Machine Translation (MT) Researcher, Yasmin Moslem, joins SlatorPod to talk about her research on Domain-Specific Text Generation for Machine Translation — a project she conducted with Rejwanul Haque, John D. Kelleher, and Andy Way at the Adapt Center in Dublin.

Yasmin shares her experience working as a translator, discovering translation productivity (CAT) tools, and experimenting with translation memory to improve MT. She breaks down the paper’s approach to domain-specific MT training using back-translation for data augmentation.

She discusses how some LSPs are already implementing this approach in real-life, customizing it for different use cases. She explains why they used a combination of BLEU, Comet, and other quality evaluation frameworks as well as human evaluation to rate machine translation quality.
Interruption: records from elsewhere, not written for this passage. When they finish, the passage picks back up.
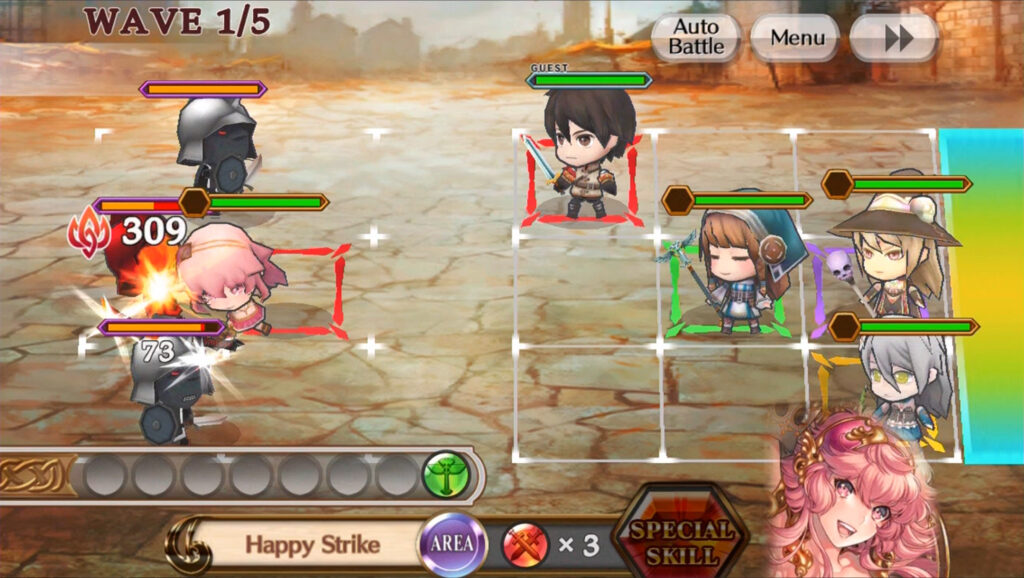 Japanese mobile gaming’s march West continues as Gumi brings another hit to the U.S.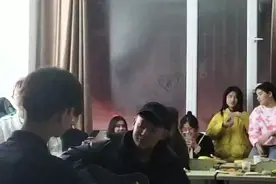 昌吉学院的男生声音磁性声音视频封面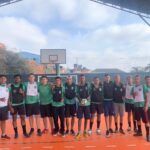 500 Alunos de projeto social participam de torneio escolar em São Paulo
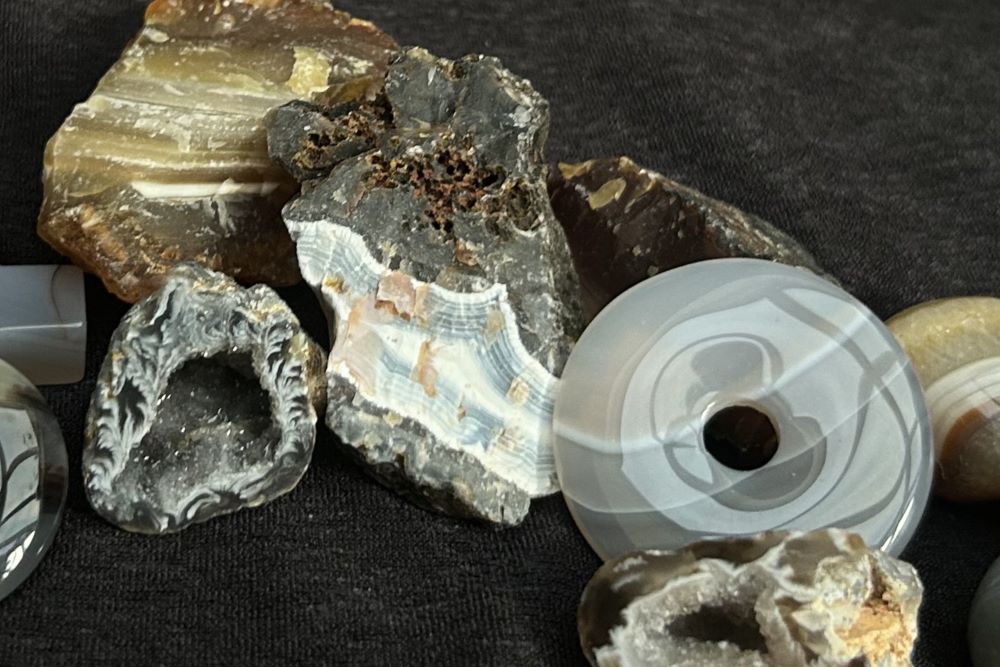 Achat Energiestein Achat Energiestein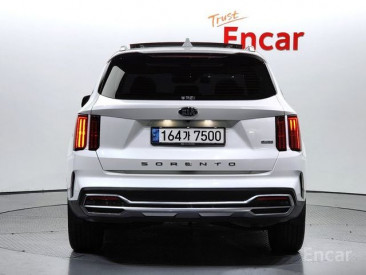Kia Sorrento (4 поколение)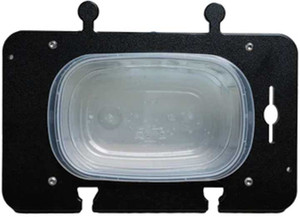 SeaSucker - Rv Kitchen Station Sink Attachment; Black - SEASM9101B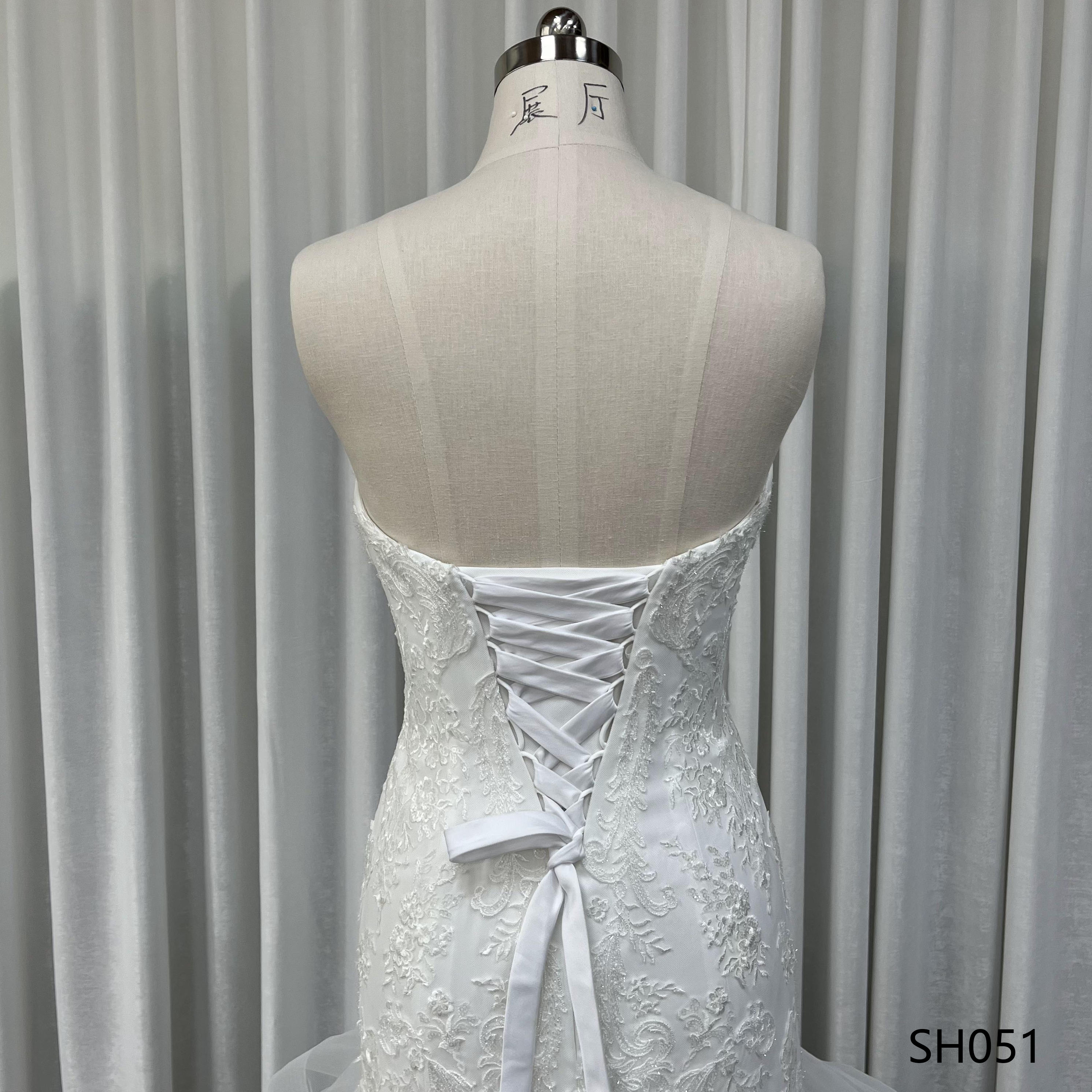 Dnnovia bridal SH051 - 4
Yasmin concludes the podcast with her advice for those in the core industry looking to enter the machine translation space, from the spiral learning process to reading research papers.

First up, Florian and Esther discuss the language industry news of the week, including how a streaming platform used propriety machine dubbing technology for its film offerings in the first quarter of 2022.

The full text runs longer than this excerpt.